View larger version (28K): [in a new window]   Figure 2. Non-reducing gel electrophoresis and chemotaxis assays of recombinant wild-type (WT) S100A8 and ala42S100A8 exposed to 10–5M hypochlorite (OCl). (A) Coomassie-blue-stained gel (1) WT S100A8 and (2) ala42S100A8. ala42S100A8 did not form covalently bound dimers. (B) Western blot analysis of WT S100A8 and mutated S100A8 with monoclonal antibodies to S100A8. (1) WT S100A8; (2) ala42S100A8. The antibodies recognized both WT S100A8 and ala42S100A8. (C) The data represent the average of 3 experiments performed in duplicate (± SD) with cells isolated from different adult volunteers. Transwell fugetaxis assays of neutrophils with WT S100A8 and ala42S100A8 oxidized by 10–5 M OCl on ice for 30 min. The fugetactic effect of ala42S100A8 was resistant to oxidation, whereas the WT S100A8 protein’s fugetactic effect was inhibited by oxidation (#p < 0.05; *p < 0.01 when compared with control with no compound added). We calculated the migration ratio by dividing the number of cells that migrated to the lower well in each experiment by the number of cells in the lower well in the untreated control wells.
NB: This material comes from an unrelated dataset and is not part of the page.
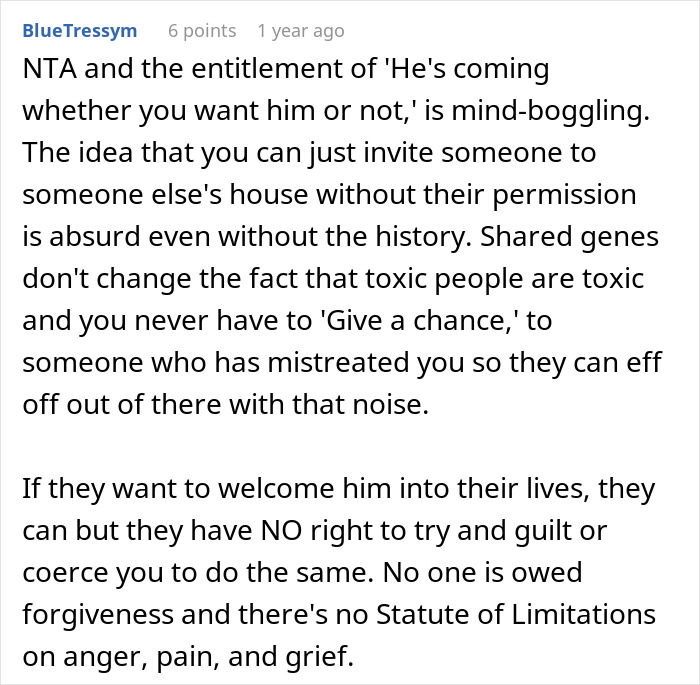 Comment discussing a sibling conflict where one kicks others out after revealing a surprise plan, highlighting toxic family dynamics. Comment discussing a sibling conflict where one kicks others out after revealing a surprise plan, highlighting toxic family dynamics.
View larger version (12K): [in a new window]   Figure 3. Effect of ala42S100A8 on lipopolysaccharide (LPS)-induced recruitment of neutrophils in a rat air-pouch model. The data represent a mean (± SD). (A) Air-pouches were injected with 300 µL of a PBS control, 30 ng LPS in PBS, and 30 ng LPS in PBS containing 10–5 M of ala42S100A8. Co-injection of ala42S100A8 inhibited the inflammatory response induced by LPS, as indicated by the number of neutrophils recruited by LPS into the air-pouch (*p < 0.01 when compared with PBS-only control). (B) Dose response of the inhibitory effect of ala42S100A8 on the recruitment of neutrophils induced by LPS in the air-pouch model. All the air-pouches were injected with 30 ng LPS in 300 µL PBS containing different concentrations of ala42S100A8. ala42S100A8 displayed dose-dependent inhibition of the recruitment of neutrophils (#p < 0.05; *p < 0.01 when compared with LPS-only control; n indicates the number of rats in each treatment group). PMN, polymorphonuclear leukocyte.